Dimanche  7  Juin  2026, Solennité du Saint Sacrement

(Dt 8, 2-3.14b-16a) (1 Co 10, 16-17) (Jn 6, 51-58)

Le Saint Sacrement, qu’on appelle aussi sacrement de l’Eucharistie, c’est le sacrement du Christ qui donne son corps livré en nourriture pour alimenter, au jour le jour, la vie divine que nous avons reçue au baptême.

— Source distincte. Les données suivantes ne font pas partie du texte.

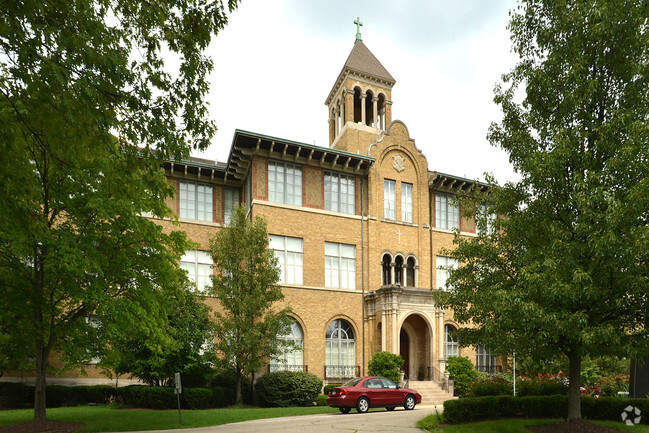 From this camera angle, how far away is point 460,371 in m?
28.1

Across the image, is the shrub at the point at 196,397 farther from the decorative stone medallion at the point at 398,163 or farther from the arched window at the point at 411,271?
the decorative stone medallion at the point at 398,163

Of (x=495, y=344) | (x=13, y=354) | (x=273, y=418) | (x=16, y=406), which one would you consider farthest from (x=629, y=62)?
(x=16, y=406)

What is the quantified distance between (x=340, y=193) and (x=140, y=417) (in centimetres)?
1654

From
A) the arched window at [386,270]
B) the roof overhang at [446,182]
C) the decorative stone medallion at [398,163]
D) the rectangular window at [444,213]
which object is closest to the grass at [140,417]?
the arched window at [386,270]

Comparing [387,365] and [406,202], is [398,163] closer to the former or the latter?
[406,202]

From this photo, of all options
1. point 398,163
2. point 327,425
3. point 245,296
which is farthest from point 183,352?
point 398,163

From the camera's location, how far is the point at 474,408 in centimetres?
1527

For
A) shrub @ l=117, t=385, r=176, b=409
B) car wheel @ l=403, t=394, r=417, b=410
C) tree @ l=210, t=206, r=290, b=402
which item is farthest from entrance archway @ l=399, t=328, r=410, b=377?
shrub @ l=117, t=385, r=176, b=409

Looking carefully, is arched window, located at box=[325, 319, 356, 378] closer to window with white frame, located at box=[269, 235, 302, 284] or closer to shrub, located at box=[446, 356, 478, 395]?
window with white frame, located at box=[269, 235, 302, 284]

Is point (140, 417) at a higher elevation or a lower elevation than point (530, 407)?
lower

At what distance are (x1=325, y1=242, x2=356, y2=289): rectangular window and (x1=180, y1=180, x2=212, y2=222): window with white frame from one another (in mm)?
7078

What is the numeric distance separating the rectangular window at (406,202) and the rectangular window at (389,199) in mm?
594

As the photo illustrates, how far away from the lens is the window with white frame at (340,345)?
92.4ft

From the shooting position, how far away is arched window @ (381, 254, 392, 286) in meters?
30.8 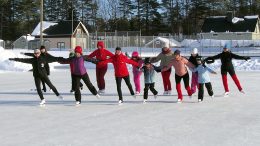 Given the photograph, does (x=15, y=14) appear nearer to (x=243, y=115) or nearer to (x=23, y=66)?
(x=23, y=66)

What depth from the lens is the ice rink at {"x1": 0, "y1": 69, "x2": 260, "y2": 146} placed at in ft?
19.2

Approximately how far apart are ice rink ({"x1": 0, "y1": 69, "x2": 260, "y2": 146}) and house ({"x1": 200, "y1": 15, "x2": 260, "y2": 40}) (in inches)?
2135

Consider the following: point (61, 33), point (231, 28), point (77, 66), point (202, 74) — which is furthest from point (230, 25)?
point (77, 66)

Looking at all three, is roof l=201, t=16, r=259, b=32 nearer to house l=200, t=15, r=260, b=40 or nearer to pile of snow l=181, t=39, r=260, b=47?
house l=200, t=15, r=260, b=40

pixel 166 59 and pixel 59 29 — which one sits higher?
pixel 59 29

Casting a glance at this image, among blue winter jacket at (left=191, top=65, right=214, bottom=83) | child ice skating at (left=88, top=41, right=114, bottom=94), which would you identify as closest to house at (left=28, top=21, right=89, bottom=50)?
child ice skating at (left=88, top=41, right=114, bottom=94)

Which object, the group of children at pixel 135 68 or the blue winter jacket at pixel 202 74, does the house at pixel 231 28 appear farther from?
the blue winter jacket at pixel 202 74

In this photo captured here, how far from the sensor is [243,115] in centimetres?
794

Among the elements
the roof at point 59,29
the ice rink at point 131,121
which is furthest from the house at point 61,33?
the ice rink at point 131,121

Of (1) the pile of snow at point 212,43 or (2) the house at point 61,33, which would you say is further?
(2) the house at point 61,33

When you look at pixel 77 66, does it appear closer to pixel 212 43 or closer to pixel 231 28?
pixel 212 43

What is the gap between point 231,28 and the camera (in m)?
63.9

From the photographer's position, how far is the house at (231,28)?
6321 centimetres

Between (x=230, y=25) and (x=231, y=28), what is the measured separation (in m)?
0.50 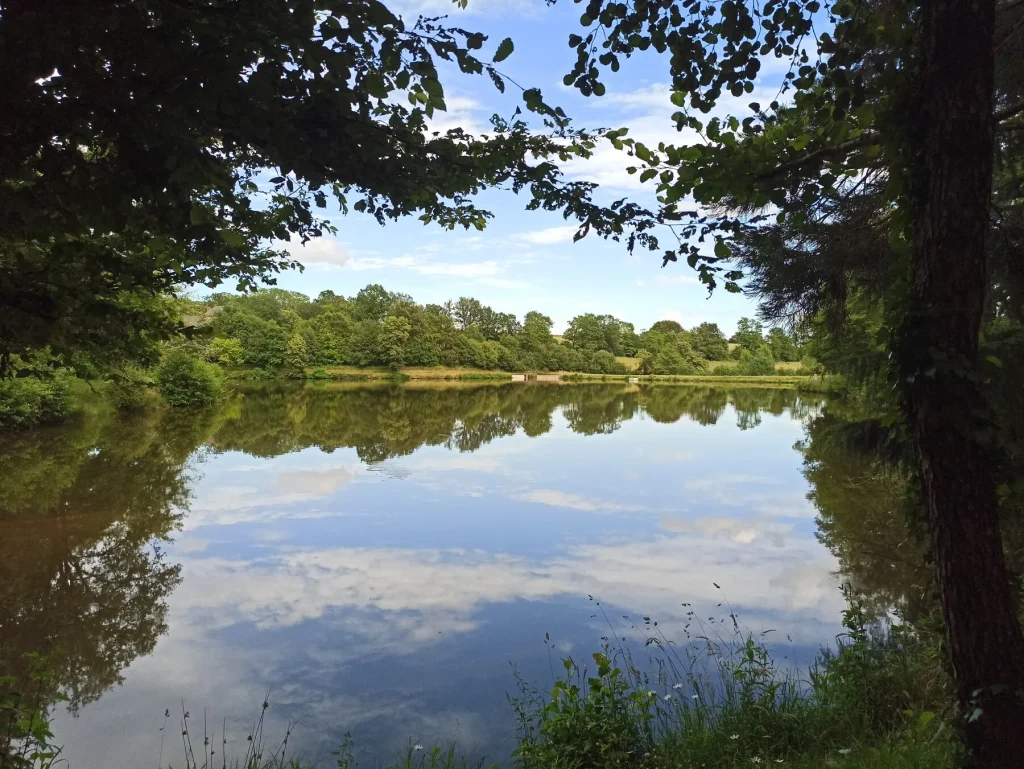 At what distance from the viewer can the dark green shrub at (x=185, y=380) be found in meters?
25.3

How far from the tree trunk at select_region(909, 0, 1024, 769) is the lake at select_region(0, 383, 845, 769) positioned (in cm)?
308

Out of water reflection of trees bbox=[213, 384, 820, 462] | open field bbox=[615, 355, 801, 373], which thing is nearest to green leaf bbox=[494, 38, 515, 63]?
water reflection of trees bbox=[213, 384, 820, 462]

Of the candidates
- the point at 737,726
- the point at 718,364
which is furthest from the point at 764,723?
the point at 718,364

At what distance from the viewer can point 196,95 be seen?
1.84m

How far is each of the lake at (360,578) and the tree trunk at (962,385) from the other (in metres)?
3.08

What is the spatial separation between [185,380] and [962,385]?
28.1m

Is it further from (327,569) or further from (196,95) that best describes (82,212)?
(327,569)

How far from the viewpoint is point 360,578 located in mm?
7812

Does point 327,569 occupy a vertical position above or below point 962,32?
below

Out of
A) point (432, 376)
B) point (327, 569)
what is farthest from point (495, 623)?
point (432, 376)

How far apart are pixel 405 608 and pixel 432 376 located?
5192 cm

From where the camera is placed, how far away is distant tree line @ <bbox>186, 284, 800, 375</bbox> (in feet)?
162

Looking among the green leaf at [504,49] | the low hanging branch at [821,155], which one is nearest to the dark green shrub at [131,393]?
the green leaf at [504,49]

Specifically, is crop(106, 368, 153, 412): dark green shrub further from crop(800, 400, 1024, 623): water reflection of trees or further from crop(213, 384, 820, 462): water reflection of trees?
crop(800, 400, 1024, 623): water reflection of trees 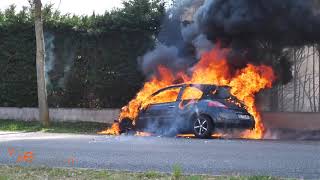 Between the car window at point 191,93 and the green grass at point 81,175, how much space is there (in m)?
7.08

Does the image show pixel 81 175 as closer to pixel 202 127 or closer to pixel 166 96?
pixel 202 127

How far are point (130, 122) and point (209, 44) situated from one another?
146 inches

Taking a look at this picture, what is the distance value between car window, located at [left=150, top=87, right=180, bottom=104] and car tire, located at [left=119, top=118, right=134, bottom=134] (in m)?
0.87

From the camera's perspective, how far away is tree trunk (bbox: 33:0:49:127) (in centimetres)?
1903

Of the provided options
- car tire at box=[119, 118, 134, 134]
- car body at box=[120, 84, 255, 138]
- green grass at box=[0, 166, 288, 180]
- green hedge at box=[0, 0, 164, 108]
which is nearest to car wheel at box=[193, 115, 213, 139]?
car body at box=[120, 84, 255, 138]

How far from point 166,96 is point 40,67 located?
5522 millimetres

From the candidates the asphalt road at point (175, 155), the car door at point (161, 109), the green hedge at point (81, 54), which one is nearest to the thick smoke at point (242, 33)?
the green hedge at point (81, 54)

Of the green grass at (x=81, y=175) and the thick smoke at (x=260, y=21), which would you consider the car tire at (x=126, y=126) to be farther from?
the green grass at (x=81, y=175)

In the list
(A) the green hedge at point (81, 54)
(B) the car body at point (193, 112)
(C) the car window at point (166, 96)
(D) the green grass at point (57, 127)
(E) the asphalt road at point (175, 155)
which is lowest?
(E) the asphalt road at point (175, 155)

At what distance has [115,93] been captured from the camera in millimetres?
20250

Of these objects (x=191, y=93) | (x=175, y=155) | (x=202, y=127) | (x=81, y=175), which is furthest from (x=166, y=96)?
(x=81, y=175)

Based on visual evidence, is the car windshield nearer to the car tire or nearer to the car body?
the car body

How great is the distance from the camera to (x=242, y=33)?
57.1ft

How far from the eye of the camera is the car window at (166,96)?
1554 cm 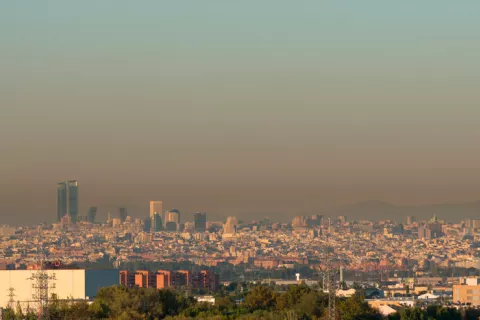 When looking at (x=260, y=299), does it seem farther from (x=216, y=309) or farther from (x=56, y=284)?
(x=56, y=284)

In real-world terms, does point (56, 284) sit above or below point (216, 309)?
above

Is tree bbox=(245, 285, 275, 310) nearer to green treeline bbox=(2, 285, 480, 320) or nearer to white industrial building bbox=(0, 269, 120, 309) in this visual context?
green treeline bbox=(2, 285, 480, 320)

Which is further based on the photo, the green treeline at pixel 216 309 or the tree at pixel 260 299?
the tree at pixel 260 299

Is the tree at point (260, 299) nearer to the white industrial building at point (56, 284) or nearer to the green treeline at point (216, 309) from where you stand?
the green treeline at point (216, 309)

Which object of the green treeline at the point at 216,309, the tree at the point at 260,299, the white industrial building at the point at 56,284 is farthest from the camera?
the white industrial building at the point at 56,284

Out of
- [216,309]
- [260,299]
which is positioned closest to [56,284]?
[260,299]

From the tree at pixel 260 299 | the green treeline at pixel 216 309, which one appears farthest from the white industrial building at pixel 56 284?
the green treeline at pixel 216 309

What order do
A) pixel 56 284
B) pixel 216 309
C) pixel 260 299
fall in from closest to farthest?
pixel 216 309
pixel 260 299
pixel 56 284

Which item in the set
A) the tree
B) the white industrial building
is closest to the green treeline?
the tree

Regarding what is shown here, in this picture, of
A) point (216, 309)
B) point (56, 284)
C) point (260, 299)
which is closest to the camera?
point (216, 309)

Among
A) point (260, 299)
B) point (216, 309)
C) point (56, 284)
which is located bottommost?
point (260, 299) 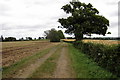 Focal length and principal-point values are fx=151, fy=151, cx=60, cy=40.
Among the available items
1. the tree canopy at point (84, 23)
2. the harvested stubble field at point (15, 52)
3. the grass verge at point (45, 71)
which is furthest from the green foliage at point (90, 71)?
the tree canopy at point (84, 23)

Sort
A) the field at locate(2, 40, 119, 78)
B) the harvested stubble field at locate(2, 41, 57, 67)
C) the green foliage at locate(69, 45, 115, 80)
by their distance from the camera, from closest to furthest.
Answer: the green foliage at locate(69, 45, 115, 80) < the field at locate(2, 40, 119, 78) < the harvested stubble field at locate(2, 41, 57, 67)

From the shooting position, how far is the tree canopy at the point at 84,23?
151 ft

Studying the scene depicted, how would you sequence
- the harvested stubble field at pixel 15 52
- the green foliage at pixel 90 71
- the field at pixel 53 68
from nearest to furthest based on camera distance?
the green foliage at pixel 90 71 < the field at pixel 53 68 < the harvested stubble field at pixel 15 52

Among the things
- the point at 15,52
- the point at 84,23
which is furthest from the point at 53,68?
the point at 84,23

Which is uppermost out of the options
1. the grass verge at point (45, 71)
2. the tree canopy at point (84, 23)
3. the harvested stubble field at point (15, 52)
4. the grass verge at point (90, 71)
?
the tree canopy at point (84, 23)

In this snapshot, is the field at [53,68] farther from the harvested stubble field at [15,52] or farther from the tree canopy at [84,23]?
the tree canopy at [84,23]

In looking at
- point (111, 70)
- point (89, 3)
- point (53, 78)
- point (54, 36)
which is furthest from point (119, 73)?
point (54, 36)

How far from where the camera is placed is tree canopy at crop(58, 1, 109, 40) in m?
46.1

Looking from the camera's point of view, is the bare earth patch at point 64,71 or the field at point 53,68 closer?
the bare earth patch at point 64,71

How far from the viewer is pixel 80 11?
47875 millimetres

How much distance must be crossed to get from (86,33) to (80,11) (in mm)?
7610

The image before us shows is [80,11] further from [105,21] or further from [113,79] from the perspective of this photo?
[113,79]

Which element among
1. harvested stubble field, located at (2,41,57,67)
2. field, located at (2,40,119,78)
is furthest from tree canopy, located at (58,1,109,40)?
field, located at (2,40,119,78)

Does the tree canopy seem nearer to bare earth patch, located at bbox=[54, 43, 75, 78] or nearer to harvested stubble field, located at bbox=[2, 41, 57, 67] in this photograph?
harvested stubble field, located at bbox=[2, 41, 57, 67] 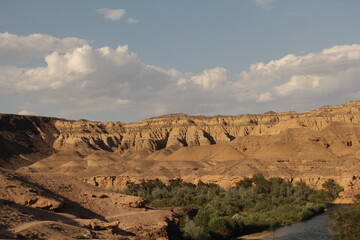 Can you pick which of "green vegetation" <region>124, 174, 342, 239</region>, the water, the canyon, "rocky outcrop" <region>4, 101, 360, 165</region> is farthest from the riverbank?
"rocky outcrop" <region>4, 101, 360, 165</region>

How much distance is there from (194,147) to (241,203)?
5754 cm

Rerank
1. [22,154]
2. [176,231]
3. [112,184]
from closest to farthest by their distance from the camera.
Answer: [176,231], [112,184], [22,154]

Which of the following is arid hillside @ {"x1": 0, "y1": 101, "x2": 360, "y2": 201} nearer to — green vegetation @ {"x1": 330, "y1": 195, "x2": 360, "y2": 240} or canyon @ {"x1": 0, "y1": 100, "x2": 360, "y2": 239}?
canyon @ {"x1": 0, "y1": 100, "x2": 360, "y2": 239}

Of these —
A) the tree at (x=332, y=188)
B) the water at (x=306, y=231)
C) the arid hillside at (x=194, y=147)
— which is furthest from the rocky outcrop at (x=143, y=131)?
the water at (x=306, y=231)

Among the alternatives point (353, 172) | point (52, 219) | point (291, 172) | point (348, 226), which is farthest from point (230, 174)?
point (52, 219)

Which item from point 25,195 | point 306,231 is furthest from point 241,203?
point 25,195

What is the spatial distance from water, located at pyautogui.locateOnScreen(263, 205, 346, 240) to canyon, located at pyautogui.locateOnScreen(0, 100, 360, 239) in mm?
13520

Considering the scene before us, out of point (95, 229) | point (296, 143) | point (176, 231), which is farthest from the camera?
point (296, 143)

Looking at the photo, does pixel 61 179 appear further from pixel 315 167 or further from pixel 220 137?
pixel 220 137

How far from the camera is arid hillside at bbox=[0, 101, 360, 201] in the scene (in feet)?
272

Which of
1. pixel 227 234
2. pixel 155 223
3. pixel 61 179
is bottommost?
pixel 227 234

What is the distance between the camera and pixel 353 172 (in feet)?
235

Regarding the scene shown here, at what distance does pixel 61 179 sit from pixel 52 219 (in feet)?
29.5

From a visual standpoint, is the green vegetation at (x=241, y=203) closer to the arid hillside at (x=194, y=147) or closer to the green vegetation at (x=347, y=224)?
the arid hillside at (x=194, y=147) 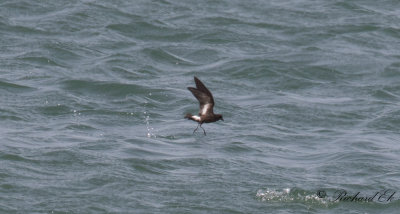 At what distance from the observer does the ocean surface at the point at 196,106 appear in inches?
586

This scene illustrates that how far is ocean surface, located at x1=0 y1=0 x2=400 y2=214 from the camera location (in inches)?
586

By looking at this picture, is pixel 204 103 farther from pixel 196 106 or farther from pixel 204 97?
pixel 196 106

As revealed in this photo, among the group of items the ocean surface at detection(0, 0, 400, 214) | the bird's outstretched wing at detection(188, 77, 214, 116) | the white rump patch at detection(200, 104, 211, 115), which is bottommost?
the ocean surface at detection(0, 0, 400, 214)

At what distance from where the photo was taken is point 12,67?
21.1 meters

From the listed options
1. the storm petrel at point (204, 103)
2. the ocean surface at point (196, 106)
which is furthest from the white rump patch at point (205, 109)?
the ocean surface at point (196, 106)

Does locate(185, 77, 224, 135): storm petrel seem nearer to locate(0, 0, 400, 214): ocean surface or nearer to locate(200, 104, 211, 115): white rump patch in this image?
locate(200, 104, 211, 115): white rump patch

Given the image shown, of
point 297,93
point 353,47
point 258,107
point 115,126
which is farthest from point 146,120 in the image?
point 353,47

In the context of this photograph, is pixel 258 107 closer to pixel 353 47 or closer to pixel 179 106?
pixel 179 106

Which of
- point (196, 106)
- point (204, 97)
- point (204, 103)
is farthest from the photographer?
point (196, 106)

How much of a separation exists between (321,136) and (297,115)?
104cm

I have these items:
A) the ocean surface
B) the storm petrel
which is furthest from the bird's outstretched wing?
the ocean surface

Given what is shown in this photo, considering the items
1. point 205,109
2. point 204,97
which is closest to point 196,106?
point 205,109

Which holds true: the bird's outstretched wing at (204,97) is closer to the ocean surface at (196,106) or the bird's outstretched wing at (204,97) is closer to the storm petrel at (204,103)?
the storm petrel at (204,103)

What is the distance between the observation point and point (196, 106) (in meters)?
19.7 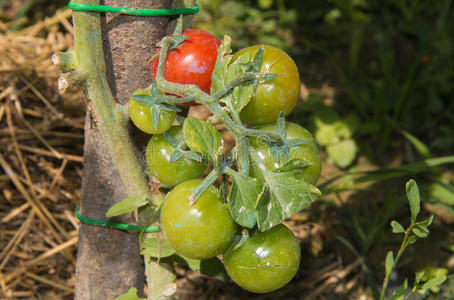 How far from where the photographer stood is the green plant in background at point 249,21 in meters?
2.47

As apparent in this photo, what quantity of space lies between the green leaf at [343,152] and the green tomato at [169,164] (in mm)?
1207

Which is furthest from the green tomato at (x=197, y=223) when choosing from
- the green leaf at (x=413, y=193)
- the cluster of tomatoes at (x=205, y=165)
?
the green leaf at (x=413, y=193)

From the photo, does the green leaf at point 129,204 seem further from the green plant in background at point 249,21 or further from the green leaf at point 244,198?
the green plant in background at point 249,21

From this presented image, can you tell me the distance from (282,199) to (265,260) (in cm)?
11

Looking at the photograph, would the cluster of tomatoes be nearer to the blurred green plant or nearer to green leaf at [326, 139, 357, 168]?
green leaf at [326, 139, 357, 168]

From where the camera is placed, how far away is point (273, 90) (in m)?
0.73

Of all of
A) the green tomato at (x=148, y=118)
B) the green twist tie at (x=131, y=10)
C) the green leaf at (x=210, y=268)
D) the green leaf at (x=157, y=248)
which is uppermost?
the green twist tie at (x=131, y=10)

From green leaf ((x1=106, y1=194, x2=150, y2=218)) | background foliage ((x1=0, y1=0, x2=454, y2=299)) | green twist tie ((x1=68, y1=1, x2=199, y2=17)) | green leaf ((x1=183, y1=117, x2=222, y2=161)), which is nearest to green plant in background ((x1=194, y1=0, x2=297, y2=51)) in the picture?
background foliage ((x1=0, y1=0, x2=454, y2=299))

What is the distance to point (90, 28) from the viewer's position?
0.80 metres

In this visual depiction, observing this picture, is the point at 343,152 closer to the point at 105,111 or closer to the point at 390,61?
the point at 390,61

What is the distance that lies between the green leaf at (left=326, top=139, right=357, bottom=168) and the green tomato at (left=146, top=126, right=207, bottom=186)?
3.96 ft

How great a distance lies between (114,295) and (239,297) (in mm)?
370

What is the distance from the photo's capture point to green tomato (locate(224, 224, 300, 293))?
0.71m

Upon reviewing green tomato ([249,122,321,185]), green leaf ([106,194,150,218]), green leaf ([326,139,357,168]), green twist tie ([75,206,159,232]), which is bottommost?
green leaf ([326,139,357,168])
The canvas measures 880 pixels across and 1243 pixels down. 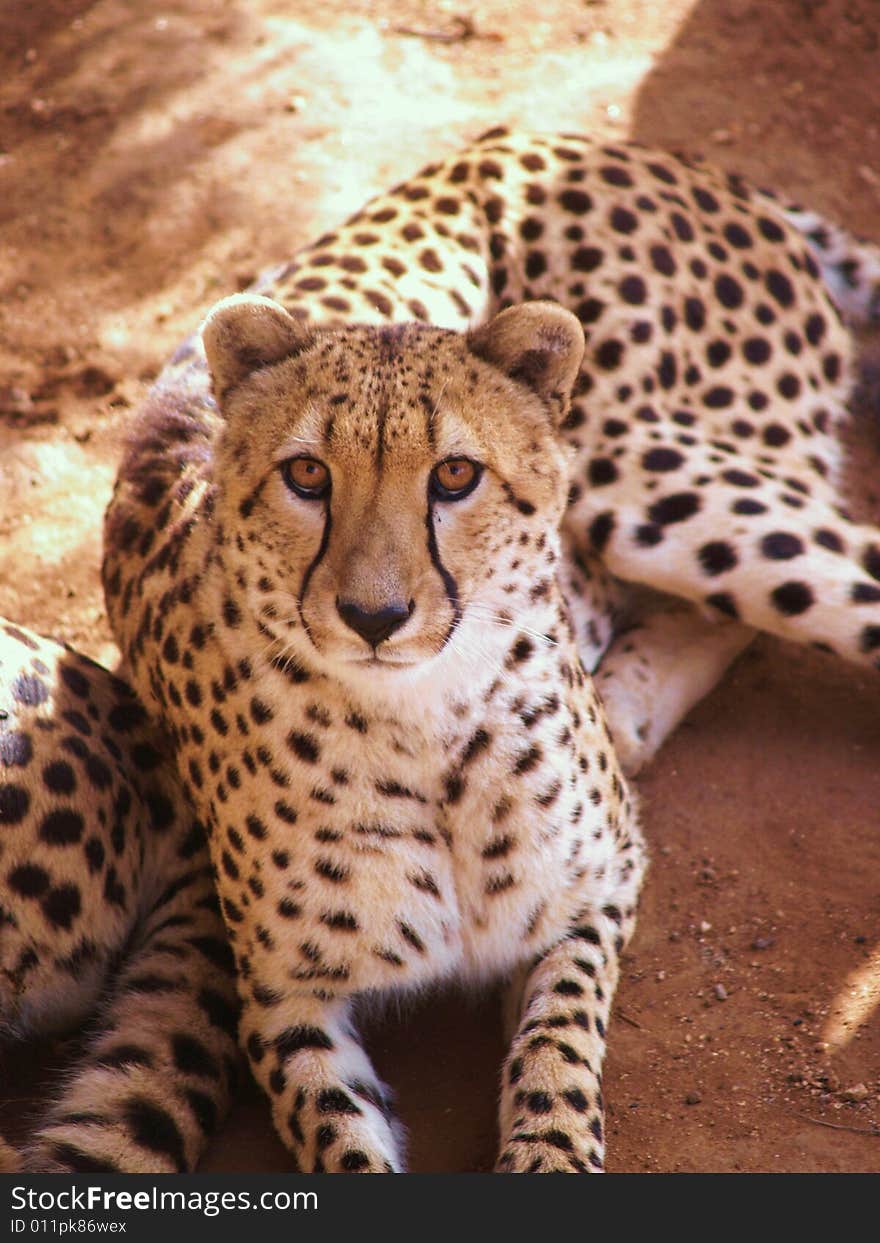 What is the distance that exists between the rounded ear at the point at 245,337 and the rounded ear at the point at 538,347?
0.99 feet

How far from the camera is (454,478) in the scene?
2.50 m

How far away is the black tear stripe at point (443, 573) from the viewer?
245 centimetres

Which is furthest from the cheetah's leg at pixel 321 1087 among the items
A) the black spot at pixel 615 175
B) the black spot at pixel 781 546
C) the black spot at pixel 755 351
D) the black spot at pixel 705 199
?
the black spot at pixel 705 199

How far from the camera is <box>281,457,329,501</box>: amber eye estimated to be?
249 cm

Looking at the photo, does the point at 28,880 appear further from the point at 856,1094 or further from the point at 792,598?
the point at 792,598

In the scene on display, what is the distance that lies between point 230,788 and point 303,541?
0.57 meters

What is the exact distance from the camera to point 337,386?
101 inches

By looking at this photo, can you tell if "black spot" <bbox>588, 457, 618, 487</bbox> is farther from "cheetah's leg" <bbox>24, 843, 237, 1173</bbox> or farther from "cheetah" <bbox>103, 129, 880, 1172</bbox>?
"cheetah's leg" <bbox>24, 843, 237, 1173</bbox>

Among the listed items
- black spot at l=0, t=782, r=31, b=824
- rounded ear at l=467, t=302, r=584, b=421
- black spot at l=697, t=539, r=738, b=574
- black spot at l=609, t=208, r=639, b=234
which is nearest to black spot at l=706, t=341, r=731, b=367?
black spot at l=609, t=208, r=639, b=234

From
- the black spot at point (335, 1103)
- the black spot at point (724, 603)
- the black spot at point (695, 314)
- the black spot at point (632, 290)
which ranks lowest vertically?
the black spot at point (335, 1103)

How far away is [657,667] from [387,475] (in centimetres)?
153

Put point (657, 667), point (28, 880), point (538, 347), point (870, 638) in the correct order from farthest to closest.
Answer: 1. point (657, 667)
2. point (870, 638)
3. point (28, 880)
4. point (538, 347)

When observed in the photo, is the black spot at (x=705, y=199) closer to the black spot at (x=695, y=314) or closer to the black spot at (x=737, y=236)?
the black spot at (x=737, y=236)

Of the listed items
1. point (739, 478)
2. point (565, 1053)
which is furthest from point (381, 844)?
point (739, 478) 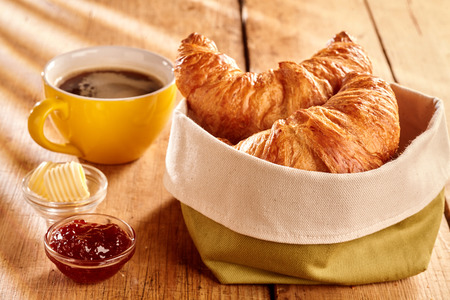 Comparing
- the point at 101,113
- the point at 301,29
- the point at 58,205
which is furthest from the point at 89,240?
the point at 301,29

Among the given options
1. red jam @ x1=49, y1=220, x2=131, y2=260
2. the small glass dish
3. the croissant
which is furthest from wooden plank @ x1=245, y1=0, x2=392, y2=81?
red jam @ x1=49, y1=220, x2=131, y2=260

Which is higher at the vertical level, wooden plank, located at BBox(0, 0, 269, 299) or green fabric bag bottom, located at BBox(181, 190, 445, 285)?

Pourquoi parler de Saint Sacrement ? Tous les sacrements sont saints. C’est vrai, mais le Saint Sacrement n’est pas un sacrement comme les autres. C’est un sacrement spécial en ce sens qu’il ne nous donne pas une grâce particulière, comme le sacrement de réconciliation qui donne la grâce du pardon des péchés ; il nous donne le Christ en personne, et plus exactement le-Christ-qui-donne-sa-vie, afin de nourrir, d’entretenir, de développer la vie divine reçue au baptême. Car si le baptême nous donne la vie divine, il faut encore que le Saint Sacrement, ou Eucharistie, entretienne, nourrisse, développe cette vie divine reçue au baptême, de même que si la naissance donne la vie naturelle, humaine, au nouveau-né, il faut encore qu’une nourriture appropriée entretienne, nourrisse, développe cette vie naturelle humaine reçue à la naissance. L’Évangile nous dit que le Christ prit du pain, le rompit et le donna à ses apôtres en disant : « Ceci est mon corps, livré pour vous. » Quand nous recevons la communion, nous ne recevons pas le Christ enfant à Nazareth, ou le Christ faisant des miracles, mais le Christ qui donne sa vie. Il prit du pain, en offrit à ses apôtres : « Prenez, mangez » (Mt 26, 26), et il expliqua : ce pain-là, c’est moi qui me livre pour vous ; mangez de ce pain-là ; ce pain-là, c’est ma chair livrée pour la vie du monde (Jn 6, 51). « Je suis le pain de vie » (Jn 6, 48).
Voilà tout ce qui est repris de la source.